Let's consider these claims. The Apple A4 processor that runs the iPad is based on the same ARM architecture pretty much everyone in the mobile space is focused on at the present time. While Apple certainly likes vertical integration — because it lowers its dependency on outside suppliers and drives down costs — to say that Apple is becoming proprietary because of an in-house chip design is absurd. An Apple A4 is compatible with other ARM processors. The iPad CPU does not make the iPad more or less compatible with other systems than the iPhone's chip; as a matter of fact, neither chip has any influence on Apple's devices being able to interoperate with competitors' devices.
Foremski's second claim that Asay quotes is that Apple is utilizing “far fewer internet technologies” (implied: “open internet technologies”).

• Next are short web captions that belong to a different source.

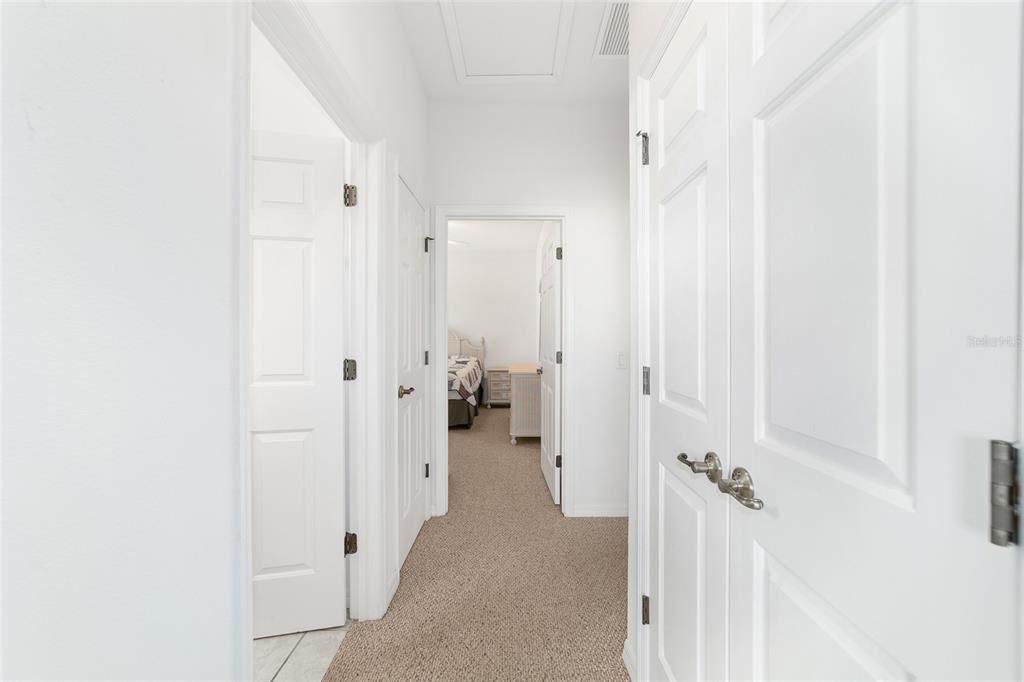 8404 Southwest 82nd Circle Ocala, FL 34481 - Photo 43 of 58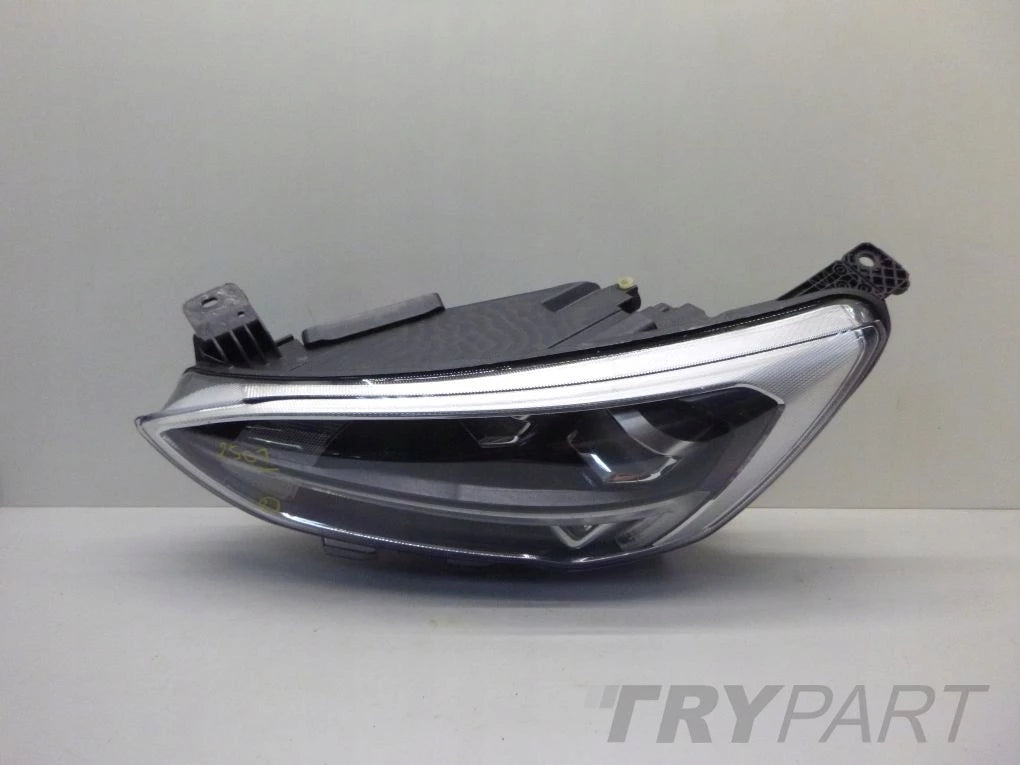 FORD FOCUS MK4 IV FULL LED 18- Left Front Headlight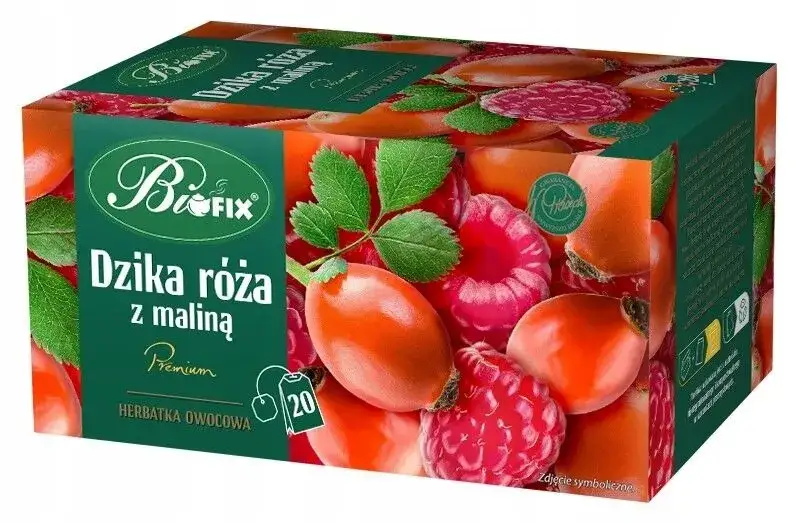 Zdjęcie Poznaj najlepsze miejsca, gdzie kupić herbaty Biofix w atrakcyjnych cenach
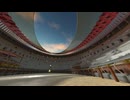 【VRChatワールド紹介】Amphitheatrum Flavium et Ludus Magnus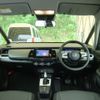 honda fit 2022 -HONDA--Fit 6AA-GR3--GR3-1207298---HONDA--Fit 6AA-GR3--GR3-1207298- image 2
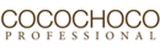 COCOCHOCO Professional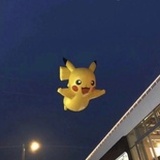 一凡一凡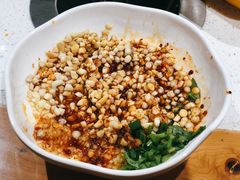 -牛华八婆麻辣烫(龙湖U城店)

By this, he apparently means Adobe Flash and Microsoft Silverlight, neither of which are open nor standards. Only Adobe Flash is even a de facto standard, albeit one conspicuously missing from most mobile devices at present. And since when does omitting two plugins become equivalent to supporting “far fewer internet technologies”?
Foremski's other mutterings about Apple in the piece Asay links to are similarly bizarre for someone writing at a quasi-respectable tech media outlet. He suggests Apple came to the PC side, for example, by supporting USB. He fails to mention Apple helped drive the adoption of USB, with the original iMac making waves via its USB-only approach. He also suggests Apple made its “disk operating system files compatible with the PC world,” but fails to explain what he means by that. He can't mean that Apple finally supported reading PC-formatted disks (Apple has supported reading DOS/Windows-based disks for decades) nor that Apple has switched to Microsoft's formats for native disks (it hasn't).
As much of a pain as it may be that Apple is refusing to support Flash on the iPad and iPhone, the company is right in saying that it is pushing for something far more open than Flash. Call that decision whatever you'd like, just don't call it “being proprietary.” Asay, who is a smart chap, shows poor judgment in agreeing with Foremski on this.
Apple Targeting to Kill Ad Networks' Targeting?
Peter Kafka writes,
As I understand it, Apple is arguing that [iPhone and iPad] app makers can’t pass along information that incorporates each phone’s “unique device identifier” to ad networks and measurement companies.
This doesn’t expressly prohibit ad networks from selling ads, but it prevents them from selling targeted advertising, which is close to the same thing when it comes to mobile devices. The same problem would plague analytics companies, which might be able to compile very broad usage info about apps, but little else.
Nonsense. Your computer's web browser doesn't offer a unique hardware serial number to every web site either. Back in the late 90's when it looked like we were headed into such an invasive privacy situation with Intel's PSN (Processor Serial Number) system, people were rightly outraged and the system died a quick death.
An IP address, or in the case of an application in which a user logs into an online service (e.g. Facebook), the user's login and associated profile, are more than enough targeting data to create useful analytics. This seems to be a part of Apple's continued attempt to differentiate its practices from Google's. As Gruber observed recently,
I detected one other veiled insult against Google during the event — Jobs’s emphasis during the multitasking segment about how seriously Apple values the privacy of iPhone users, with regard to data and location information. In the way that the standard knock against Apple is that they maintain too much control over the App Store, the standard knock against Google is that they don’t value user privacy. Jobs’s message: You can trust Apple.
I expect Apple to continue to play up this theme as its war with Google escalates.